Data below:

================================

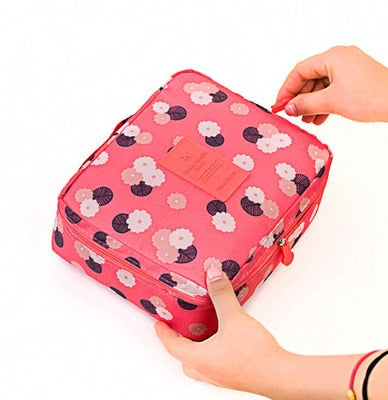 Compact waterproof make-up travel set – 2 for the price of 1 mini make-up storage box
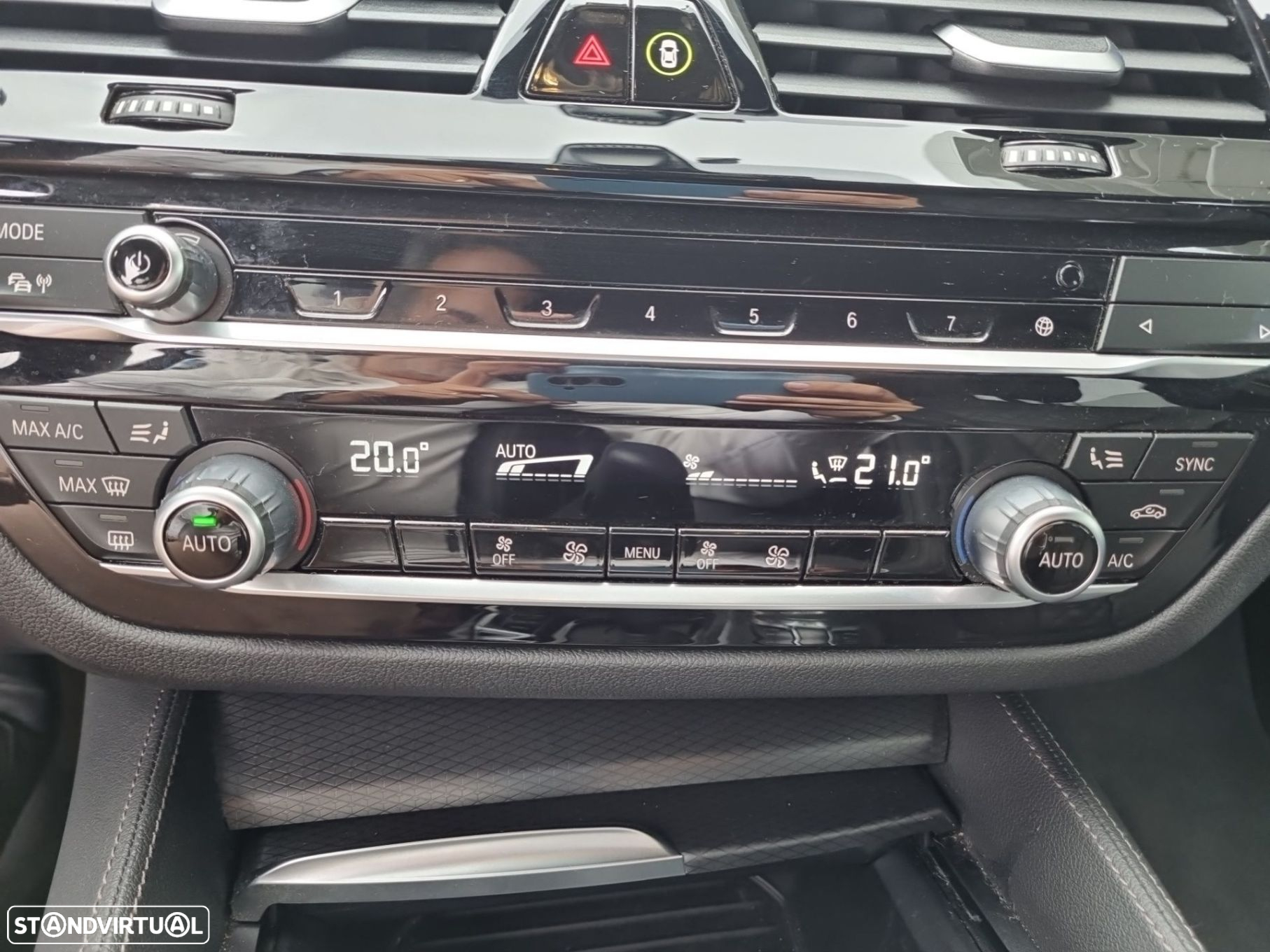 BMW 520 d Pack Desportivo M Auto - 31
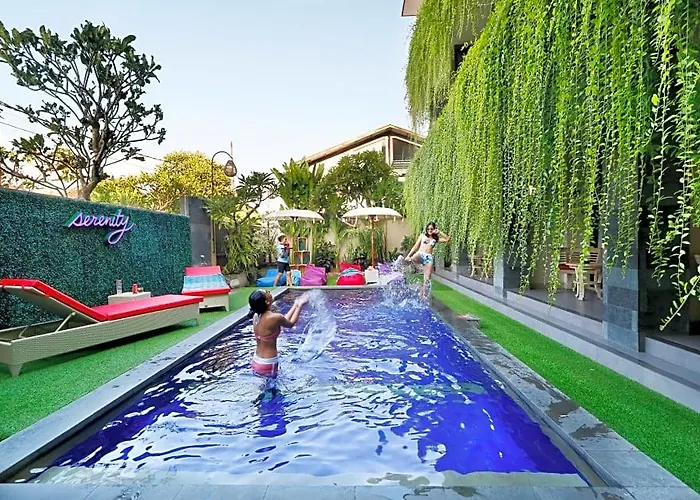 Vansari Seminyak ホテル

================================

Work required: Transcribe the whole of the data exactly, minus any pictures.

Response box:
 Compact waterproof make-up travel set – 2 for the price of 1 mini make-up storage box
 BMW 520 d Pack Desportivo M Auto - 31
 Vansari Seminyak ホテル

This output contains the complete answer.